We've shown that the Olympics have to be produced more as
entertainment than a sporting event. ... There is a lot more
fragmentation out there, from on line, so they'd better hit
the emotional high points all the time" (N.Y. TIMES, 2/24).
CBS's primetime coverage of the Nagano Games averaged a
16.2/26, which is down 13% from Albertville in '92 and down
42% from Lillehammer in '94. CBS estimates that 184 million
viewers watched all or part of the Games, making it the
third most-watched event in TV history, trailing only
Atlanta in '96 and Lillehammer in '94. In the February
Sweep-to-date, CBS has a 16.0/25, which is 70% ahead of
NBC's 9.4/15, 122% ahead of ABC's 7.2/11 and 103% ahead of
Fox's 7.9/12. CBS announced that its O&O stations averaged
a 17.5/27 for their primetime coverage, boosting ten of the
13 O&O's to first place in their respective markets (CBS
Sports). Sunday's Closing Ceremony earned an 11.7/18 from
8:00-11:00pm ET, and was beat out by ABC's telecast of
"Oprah Winfrey Presents: The Wedding," which scored a
16.9/26 from 9:00-11:00pm ET (HOLLYWOOD REPORTER, 2/24).

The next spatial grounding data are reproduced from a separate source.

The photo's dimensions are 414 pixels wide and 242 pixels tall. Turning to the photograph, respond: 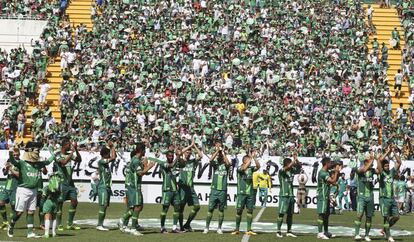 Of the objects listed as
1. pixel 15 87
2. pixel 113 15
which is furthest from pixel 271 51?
pixel 15 87

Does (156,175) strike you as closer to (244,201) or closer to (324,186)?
(244,201)

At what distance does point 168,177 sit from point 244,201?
2168 millimetres

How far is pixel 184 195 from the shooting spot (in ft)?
90.0

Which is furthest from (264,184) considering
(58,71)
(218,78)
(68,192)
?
(58,71)

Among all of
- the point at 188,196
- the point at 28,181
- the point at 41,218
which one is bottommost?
the point at 41,218

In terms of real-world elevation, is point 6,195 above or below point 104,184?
below

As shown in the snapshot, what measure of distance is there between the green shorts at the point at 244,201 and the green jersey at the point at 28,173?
5660 millimetres

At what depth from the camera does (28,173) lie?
24.2 metres

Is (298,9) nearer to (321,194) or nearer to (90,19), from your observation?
(90,19)

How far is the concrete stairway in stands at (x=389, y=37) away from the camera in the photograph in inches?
2087

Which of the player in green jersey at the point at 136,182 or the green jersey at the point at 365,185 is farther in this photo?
the green jersey at the point at 365,185

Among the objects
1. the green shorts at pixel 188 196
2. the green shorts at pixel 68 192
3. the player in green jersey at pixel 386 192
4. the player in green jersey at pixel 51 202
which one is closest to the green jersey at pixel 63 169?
the green shorts at pixel 68 192

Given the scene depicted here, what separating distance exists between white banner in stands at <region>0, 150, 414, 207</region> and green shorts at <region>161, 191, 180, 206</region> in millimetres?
16262

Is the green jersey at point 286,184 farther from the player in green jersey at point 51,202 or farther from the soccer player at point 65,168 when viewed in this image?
the player in green jersey at point 51,202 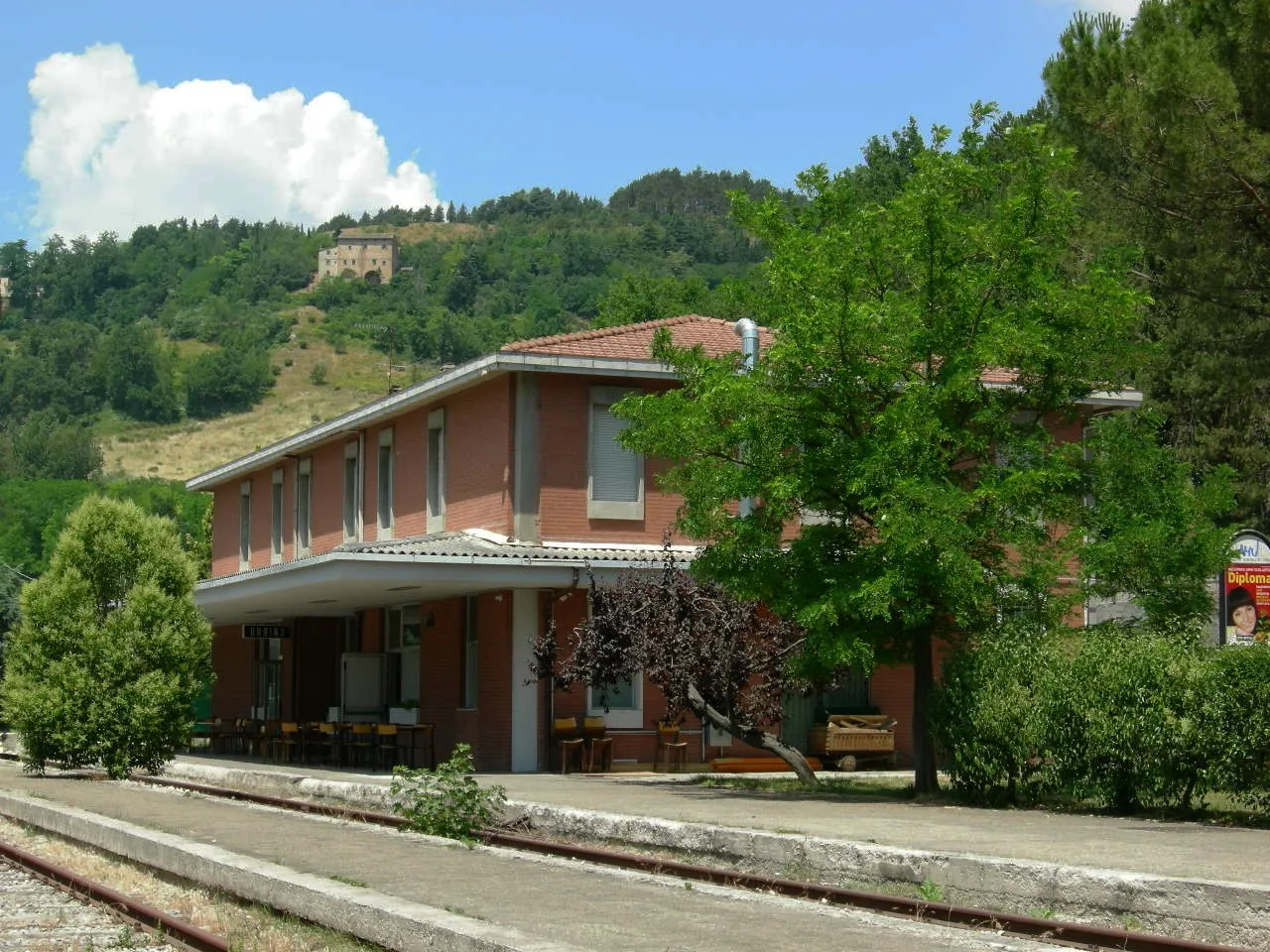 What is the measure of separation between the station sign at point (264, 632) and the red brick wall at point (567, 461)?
8.87 m

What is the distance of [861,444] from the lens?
1930 cm

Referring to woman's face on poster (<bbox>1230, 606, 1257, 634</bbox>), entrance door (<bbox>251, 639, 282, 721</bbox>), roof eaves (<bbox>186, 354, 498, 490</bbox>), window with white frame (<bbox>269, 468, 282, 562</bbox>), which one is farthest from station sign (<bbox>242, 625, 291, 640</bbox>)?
woman's face on poster (<bbox>1230, 606, 1257, 634</bbox>)

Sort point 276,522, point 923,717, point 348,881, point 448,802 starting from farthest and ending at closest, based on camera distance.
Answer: point 276,522 < point 923,717 < point 448,802 < point 348,881

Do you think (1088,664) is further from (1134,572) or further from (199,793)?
(199,793)

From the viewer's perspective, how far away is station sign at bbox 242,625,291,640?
1340 inches

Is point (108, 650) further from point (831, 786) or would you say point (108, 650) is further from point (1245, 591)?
point (1245, 591)

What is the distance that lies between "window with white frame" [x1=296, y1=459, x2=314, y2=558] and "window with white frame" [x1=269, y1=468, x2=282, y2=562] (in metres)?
1.64

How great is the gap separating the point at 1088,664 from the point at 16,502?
135989mm

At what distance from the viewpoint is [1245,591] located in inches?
924

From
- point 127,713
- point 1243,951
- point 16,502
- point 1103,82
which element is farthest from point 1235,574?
point 16,502

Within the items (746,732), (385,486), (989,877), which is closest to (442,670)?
(385,486)

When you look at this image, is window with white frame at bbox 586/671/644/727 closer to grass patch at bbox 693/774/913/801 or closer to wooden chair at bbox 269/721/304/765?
grass patch at bbox 693/774/913/801

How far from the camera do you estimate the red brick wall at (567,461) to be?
2781 cm

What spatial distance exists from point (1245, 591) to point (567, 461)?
1031 cm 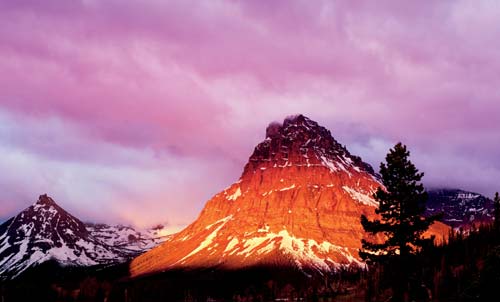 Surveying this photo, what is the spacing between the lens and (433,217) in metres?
52.4

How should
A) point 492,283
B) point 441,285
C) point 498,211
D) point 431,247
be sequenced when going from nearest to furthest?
point 492,283 < point 431,247 < point 498,211 < point 441,285

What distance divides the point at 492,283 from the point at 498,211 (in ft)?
457

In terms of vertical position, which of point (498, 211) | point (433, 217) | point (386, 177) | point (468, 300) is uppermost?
point (498, 211)

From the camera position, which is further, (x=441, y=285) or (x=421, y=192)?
(x=441, y=285)

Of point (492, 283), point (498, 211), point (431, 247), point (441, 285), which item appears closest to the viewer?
point (492, 283)

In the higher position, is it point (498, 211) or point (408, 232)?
point (498, 211)

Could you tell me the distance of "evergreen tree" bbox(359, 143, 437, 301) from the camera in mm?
51719

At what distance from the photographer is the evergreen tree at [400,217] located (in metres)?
51.7

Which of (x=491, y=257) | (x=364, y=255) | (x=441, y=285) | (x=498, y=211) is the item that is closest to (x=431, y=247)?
(x=364, y=255)

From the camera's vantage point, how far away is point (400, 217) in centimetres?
5225

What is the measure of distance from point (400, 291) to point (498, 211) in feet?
406

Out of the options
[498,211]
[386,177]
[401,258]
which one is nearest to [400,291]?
[401,258]

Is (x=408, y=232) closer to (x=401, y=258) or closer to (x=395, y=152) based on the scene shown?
(x=401, y=258)

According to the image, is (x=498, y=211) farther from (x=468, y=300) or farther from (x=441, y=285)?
(x=468, y=300) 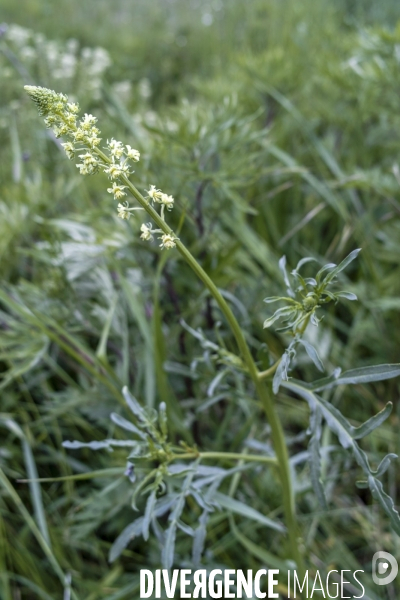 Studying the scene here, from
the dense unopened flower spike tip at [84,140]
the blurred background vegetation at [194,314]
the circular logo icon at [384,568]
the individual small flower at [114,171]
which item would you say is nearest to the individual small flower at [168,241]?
the dense unopened flower spike tip at [84,140]

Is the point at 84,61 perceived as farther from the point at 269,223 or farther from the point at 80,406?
the point at 80,406

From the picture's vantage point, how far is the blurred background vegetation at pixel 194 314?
1455 millimetres

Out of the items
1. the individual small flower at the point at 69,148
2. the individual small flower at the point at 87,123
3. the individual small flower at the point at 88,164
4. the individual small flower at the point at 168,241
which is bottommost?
the individual small flower at the point at 168,241

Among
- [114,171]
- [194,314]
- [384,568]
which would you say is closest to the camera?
[114,171]

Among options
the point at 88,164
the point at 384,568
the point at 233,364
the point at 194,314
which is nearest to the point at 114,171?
the point at 88,164

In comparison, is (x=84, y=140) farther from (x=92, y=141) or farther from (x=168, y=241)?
(x=168, y=241)

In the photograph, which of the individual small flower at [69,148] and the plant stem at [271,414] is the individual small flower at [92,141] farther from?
the plant stem at [271,414]

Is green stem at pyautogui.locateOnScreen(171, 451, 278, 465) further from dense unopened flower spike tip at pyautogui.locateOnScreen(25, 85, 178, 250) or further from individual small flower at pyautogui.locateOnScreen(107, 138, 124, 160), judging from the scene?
individual small flower at pyautogui.locateOnScreen(107, 138, 124, 160)

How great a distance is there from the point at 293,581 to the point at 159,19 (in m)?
4.62

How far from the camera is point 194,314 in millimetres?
1568

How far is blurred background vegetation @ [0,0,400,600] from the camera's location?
1455 mm

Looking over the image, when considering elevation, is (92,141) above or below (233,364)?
above

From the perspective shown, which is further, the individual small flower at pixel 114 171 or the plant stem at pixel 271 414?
the plant stem at pixel 271 414

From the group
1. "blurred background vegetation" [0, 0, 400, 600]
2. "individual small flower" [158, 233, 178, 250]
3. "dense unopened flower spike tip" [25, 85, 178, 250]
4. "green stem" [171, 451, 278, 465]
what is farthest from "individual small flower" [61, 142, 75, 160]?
"green stem" [171, 451, 278, 465] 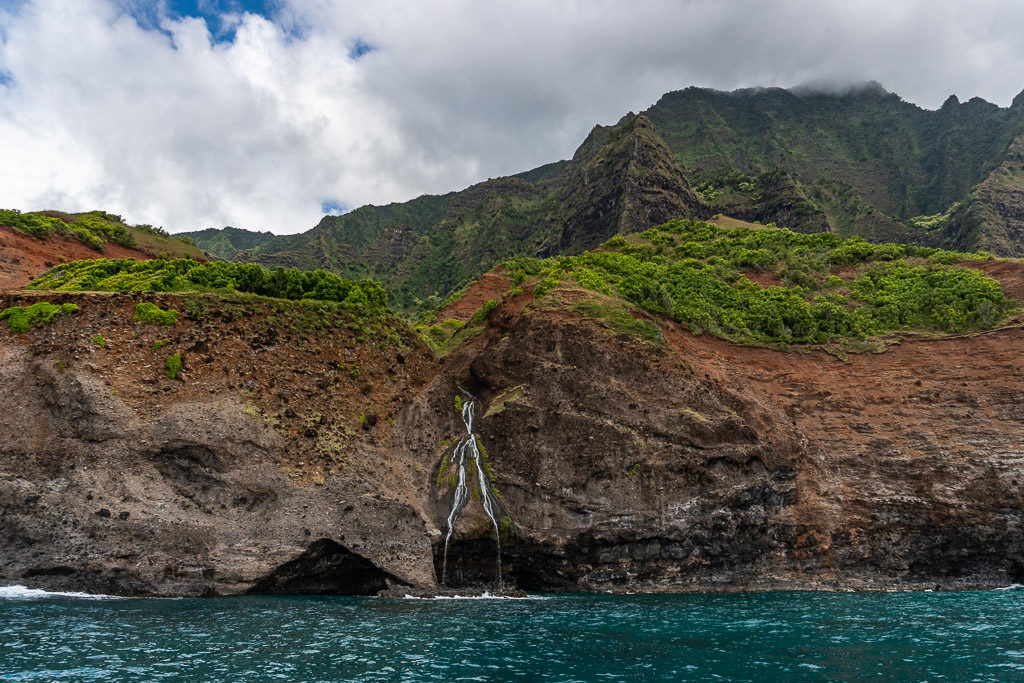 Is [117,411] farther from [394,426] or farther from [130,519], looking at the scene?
[394,426]

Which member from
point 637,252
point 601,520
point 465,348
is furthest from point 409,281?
point 601,520

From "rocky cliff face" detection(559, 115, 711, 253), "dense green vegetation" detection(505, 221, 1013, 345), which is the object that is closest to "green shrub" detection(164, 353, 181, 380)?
"dense green vegetation" detection(505, 221, 1013, 345)

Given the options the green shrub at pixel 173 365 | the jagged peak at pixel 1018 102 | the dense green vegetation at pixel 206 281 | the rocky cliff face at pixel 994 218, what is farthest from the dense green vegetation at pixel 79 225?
the jagged peak at pixel 1018 102

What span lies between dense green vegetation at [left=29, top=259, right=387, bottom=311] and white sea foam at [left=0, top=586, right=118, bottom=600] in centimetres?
1489

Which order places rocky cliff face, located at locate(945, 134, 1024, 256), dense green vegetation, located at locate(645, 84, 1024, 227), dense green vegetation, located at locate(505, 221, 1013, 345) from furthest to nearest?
1. dense green vegetation, located at locate(645, 84, 1024, 227)
2. rocky cliff face, located at locate(945, 134, 1024, 256)
3. dense green vegetation, located at locate(505, 221, 1013, 345)

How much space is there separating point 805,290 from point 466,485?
114 feet

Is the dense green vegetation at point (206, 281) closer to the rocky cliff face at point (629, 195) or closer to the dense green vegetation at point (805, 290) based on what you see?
the dense green vegetation at point (805, 290)

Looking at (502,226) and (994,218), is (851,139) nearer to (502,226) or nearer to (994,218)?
(994,218)

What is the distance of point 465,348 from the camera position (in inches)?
1690

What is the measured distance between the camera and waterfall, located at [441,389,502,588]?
30000mm

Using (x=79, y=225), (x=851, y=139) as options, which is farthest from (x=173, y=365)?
(x=851, y=139)

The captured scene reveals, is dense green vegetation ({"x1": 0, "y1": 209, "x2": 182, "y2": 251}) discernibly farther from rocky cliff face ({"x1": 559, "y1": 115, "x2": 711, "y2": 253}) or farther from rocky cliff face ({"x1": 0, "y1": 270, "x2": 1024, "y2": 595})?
rocky cliff face ({"x1": 559, "y1": 115, "x2": 711, "y2": 253})

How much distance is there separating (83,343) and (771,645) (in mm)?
31142

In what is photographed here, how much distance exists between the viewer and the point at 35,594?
2162cm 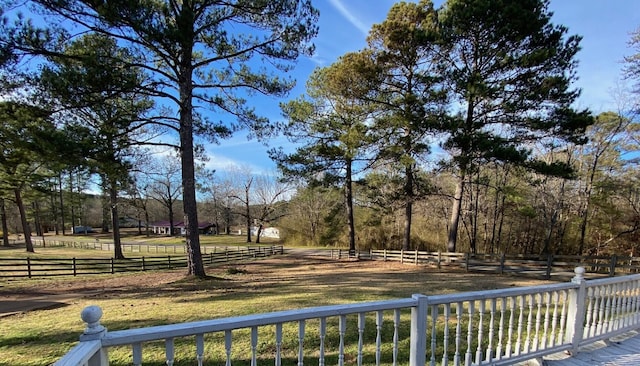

PLACE IN HISTORY: USA TODAY's Rudy Martzke notes the
16.2 rating makes its the third-lowest Winter Olympics in
history. Grey Advertising's Jon Mandel: "By not running
events, CBS lost the men, and because the warm-and-fuzzy
pieces weren't so warm and fuzzy, women didn't watch" (USA
TODAY, 2/24). Sanford C. Bernstein & Sons' Tom Wolzien said
CBS was the "victim of just plain bad luck ... plus, you had
some very aggressive counter-programming from the other
networks. ... I think there were some very sophisticated
programming tactics that were used this time" (CHICAGO
TRIBUNE, 2/24). In N.Y., Richard Sandomir writes, "By
various measures, the ... Games were highly successful."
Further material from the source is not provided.